Source records Start Marker

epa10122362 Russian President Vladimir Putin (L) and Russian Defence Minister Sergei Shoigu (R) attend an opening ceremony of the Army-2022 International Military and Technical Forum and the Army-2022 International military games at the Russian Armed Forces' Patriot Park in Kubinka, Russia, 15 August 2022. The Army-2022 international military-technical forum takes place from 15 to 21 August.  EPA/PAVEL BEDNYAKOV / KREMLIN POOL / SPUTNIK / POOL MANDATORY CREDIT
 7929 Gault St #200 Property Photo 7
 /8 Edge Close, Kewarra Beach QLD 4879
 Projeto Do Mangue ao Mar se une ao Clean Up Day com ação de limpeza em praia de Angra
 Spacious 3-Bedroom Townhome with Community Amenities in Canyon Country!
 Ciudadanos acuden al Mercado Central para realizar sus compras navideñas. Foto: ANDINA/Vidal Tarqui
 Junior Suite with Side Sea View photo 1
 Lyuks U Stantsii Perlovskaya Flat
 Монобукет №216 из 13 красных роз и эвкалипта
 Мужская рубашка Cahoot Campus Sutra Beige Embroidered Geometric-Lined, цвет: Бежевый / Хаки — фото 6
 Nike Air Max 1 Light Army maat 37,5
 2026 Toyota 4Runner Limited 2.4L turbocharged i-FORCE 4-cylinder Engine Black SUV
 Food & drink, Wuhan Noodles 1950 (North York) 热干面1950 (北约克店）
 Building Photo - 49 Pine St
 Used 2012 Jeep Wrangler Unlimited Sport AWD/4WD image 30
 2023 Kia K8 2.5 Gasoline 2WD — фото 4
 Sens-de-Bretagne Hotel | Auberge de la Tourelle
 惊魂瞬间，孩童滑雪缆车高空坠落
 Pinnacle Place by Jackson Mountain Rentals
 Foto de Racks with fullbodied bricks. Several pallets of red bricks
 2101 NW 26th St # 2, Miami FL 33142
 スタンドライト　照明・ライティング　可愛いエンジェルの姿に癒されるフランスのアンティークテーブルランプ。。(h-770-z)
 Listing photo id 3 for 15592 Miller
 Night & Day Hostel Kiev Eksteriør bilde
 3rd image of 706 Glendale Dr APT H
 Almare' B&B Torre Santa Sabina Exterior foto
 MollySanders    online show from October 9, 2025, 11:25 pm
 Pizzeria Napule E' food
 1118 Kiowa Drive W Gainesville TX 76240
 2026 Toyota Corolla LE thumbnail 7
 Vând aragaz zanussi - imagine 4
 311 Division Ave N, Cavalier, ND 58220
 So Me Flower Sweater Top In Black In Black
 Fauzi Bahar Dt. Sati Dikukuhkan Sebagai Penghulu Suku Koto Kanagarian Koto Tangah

Source records End Marker

# Problem to solve:
Your task is to output exactly the lines running from the one with "2101 NW 26th St # 2, Miami FL 33142" through the final line of the material above, with both ends included.

# Response box:
 2101 NW 26th St # 2, Miami FL 33142
 スタンドライト　照明・ライティング　可愛いエンジェルの姿に癒されるフランスのアンティークテーブルランプ。。(h-770-z)
 Listing photo id 3 for 15592 Miller
 Night & Day Hostel Kiev Eksteriør bilde
 3rd image of 706 Glendale Dr APT H
 Almare' B&B Torre Santa Sabina Exterior foto
 MollySanders    online show from October 9, 2025, 11:25 pm
 Pizzeria Napule E' food
 1118 Kiowa Drive W Gainesville TX 76240
 2026 Toyota Corolla LE thumbnail 7
 Vând aragaz zanussi - imagine 4
 311 Division Ave N, Cavalier, ND 58220
 So Me Flower Sweater Top In Black In Black
 Fauzi Bahar Dt. Sati Dikukuhkan Sebagai Penghulu Suku Koto Kanagarian Koto Tangah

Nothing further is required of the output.